## Instructions to follow
In the material below, find the line with "46_Capdenac_2013_122" and the line with "Danny slim bracelet - 2", then output both and every line between them exactly, omitting pictures.
Start of Given records
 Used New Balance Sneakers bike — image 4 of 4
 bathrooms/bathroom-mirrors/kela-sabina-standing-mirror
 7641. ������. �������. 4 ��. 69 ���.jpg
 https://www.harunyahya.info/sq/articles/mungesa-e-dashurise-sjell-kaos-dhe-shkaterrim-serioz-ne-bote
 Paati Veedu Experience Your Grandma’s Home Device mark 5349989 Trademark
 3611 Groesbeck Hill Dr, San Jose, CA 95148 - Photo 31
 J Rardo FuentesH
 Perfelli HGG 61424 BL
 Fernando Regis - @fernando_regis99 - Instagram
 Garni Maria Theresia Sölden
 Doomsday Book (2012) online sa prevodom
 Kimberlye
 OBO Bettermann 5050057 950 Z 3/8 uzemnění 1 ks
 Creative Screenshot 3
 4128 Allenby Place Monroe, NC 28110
End of Given records
Start of Given records
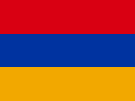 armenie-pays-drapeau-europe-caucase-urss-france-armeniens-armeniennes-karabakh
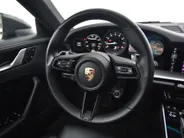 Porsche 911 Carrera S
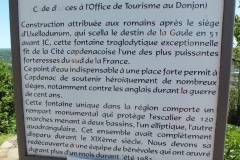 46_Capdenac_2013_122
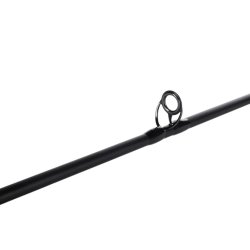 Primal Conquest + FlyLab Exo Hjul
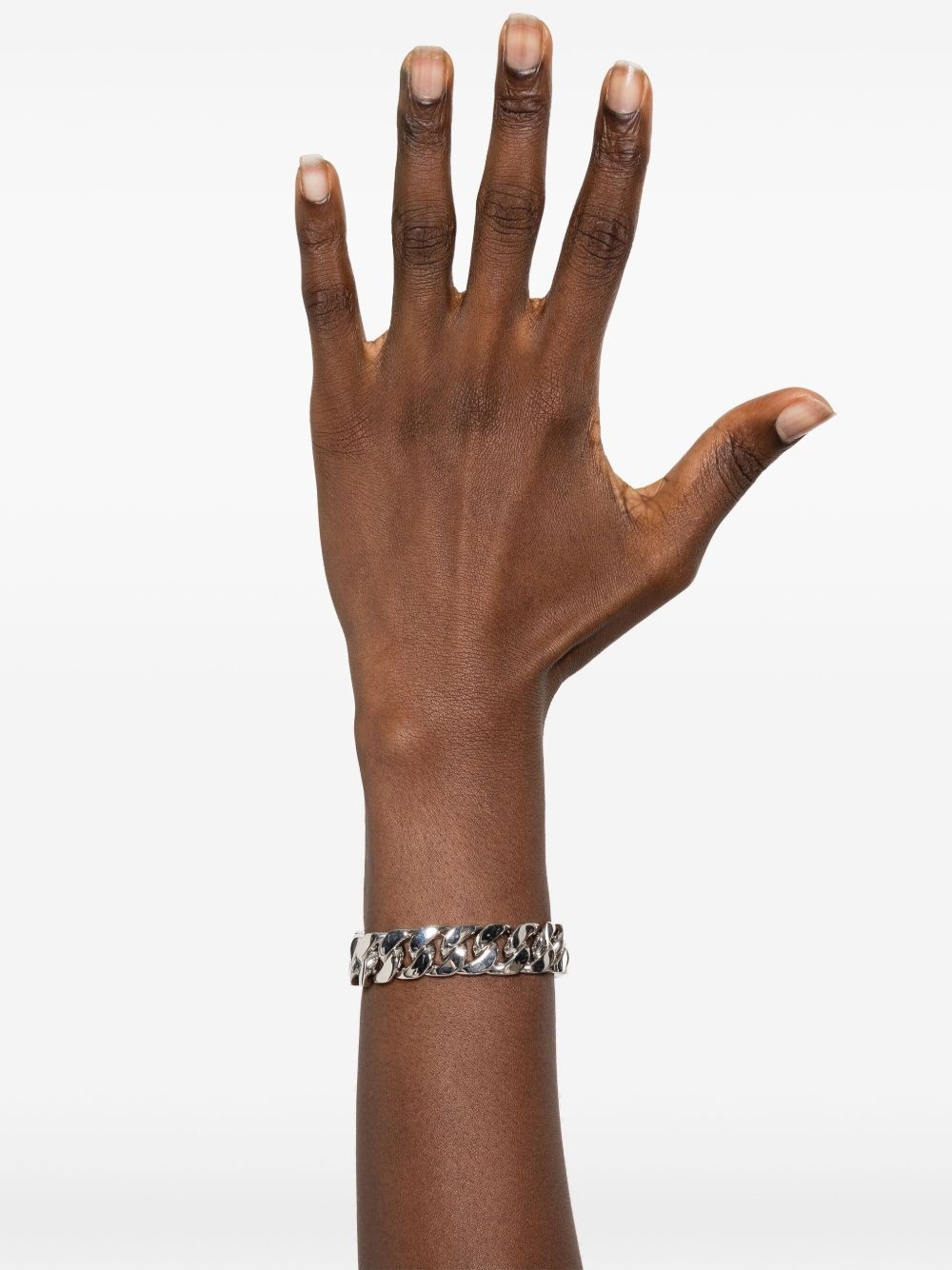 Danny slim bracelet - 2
End of Given records
## Answer box
 46_Capdenac_2013_122
 Primal Conquest + FlyLab Exo Hjul
 Danny slim bracelet - 2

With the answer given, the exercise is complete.